That is not to say that Melo became some shrinking violet — he led the pregame huddle in his very first game as a Blazer, with Lillard’s blessing and admiration. But in 2019-20, he also averaged under 20 shot attempts per 100 possessions for the first time in his NBA life and still made three-pointers at the highest clip, 38.5%, of his career. He then improved his three-point percentage to 40.9% in 2020-21, even while primarily coming off the bench—the very thing he had scoffed at just three years before in Oklahoma City. He mentored the Blazers’ younger players and slimmed down to play small forward for the first time in years when Zach Collins returned in the 2020 NBA bubble. And this summer, the star who had burned every bridge he could in Denver and wore out his welcome in New York, OKC and Houston left Portland with love for the team and praise from his teammates.

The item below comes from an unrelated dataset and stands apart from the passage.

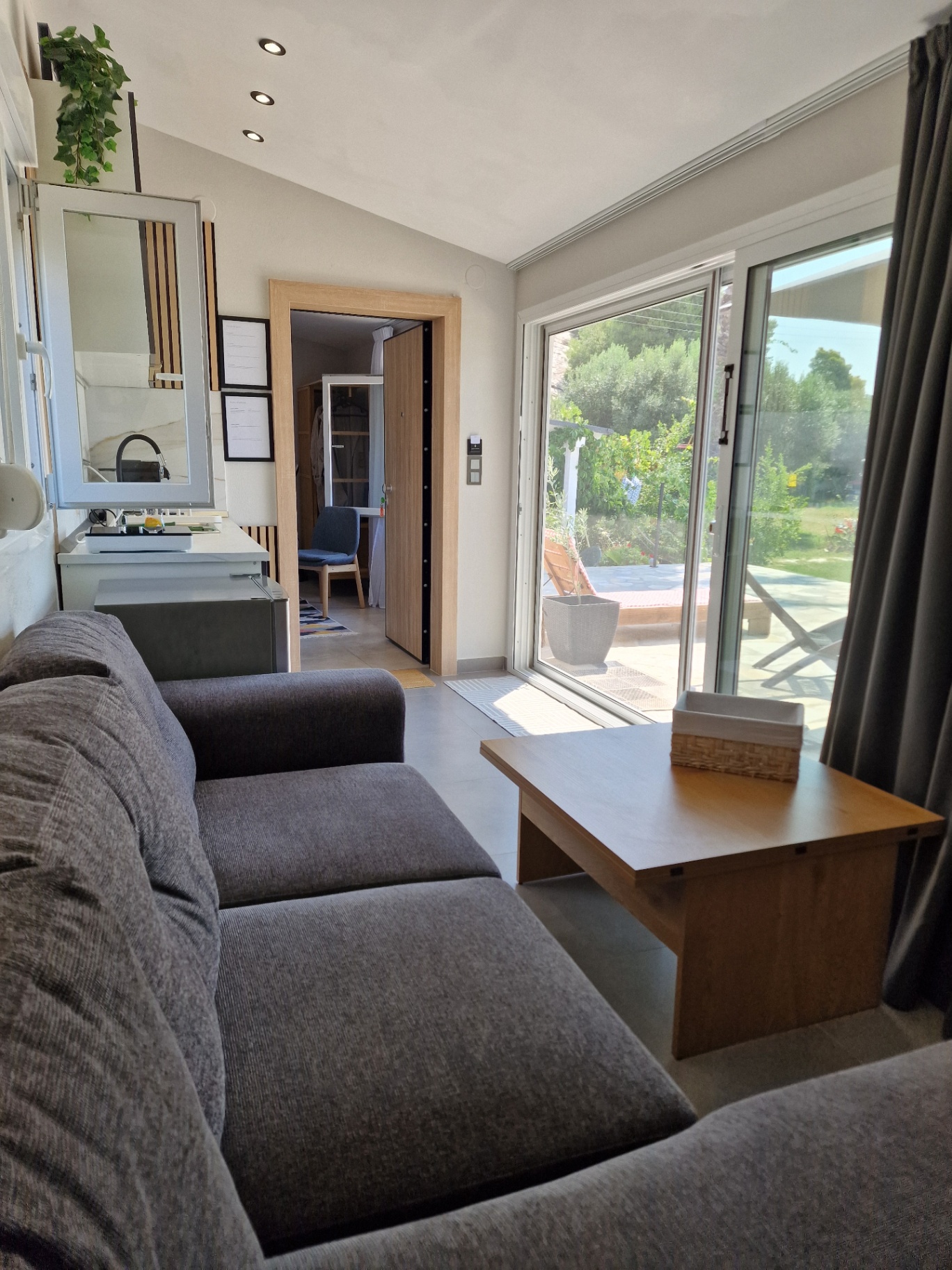 Living area looking out through the glass doors to the sunlit terrace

When the Lakers courted Anthony with that $1 million Tobey Maguire-narrated movie in 2014, they were courting a true superstar, a ball-dominant isolation scorer who they hoped could complement another all-time great at that role in Kobe Bryant. What they are getting in 2021 is a far cry from that Carmelo Anthony. But the Carmelo Anthony of today, the sweet-shooting, role-playing combo forward with a refreshed perspective and an extremely respected voice, even on a team full of veterans, could be exactly what the Lakers need.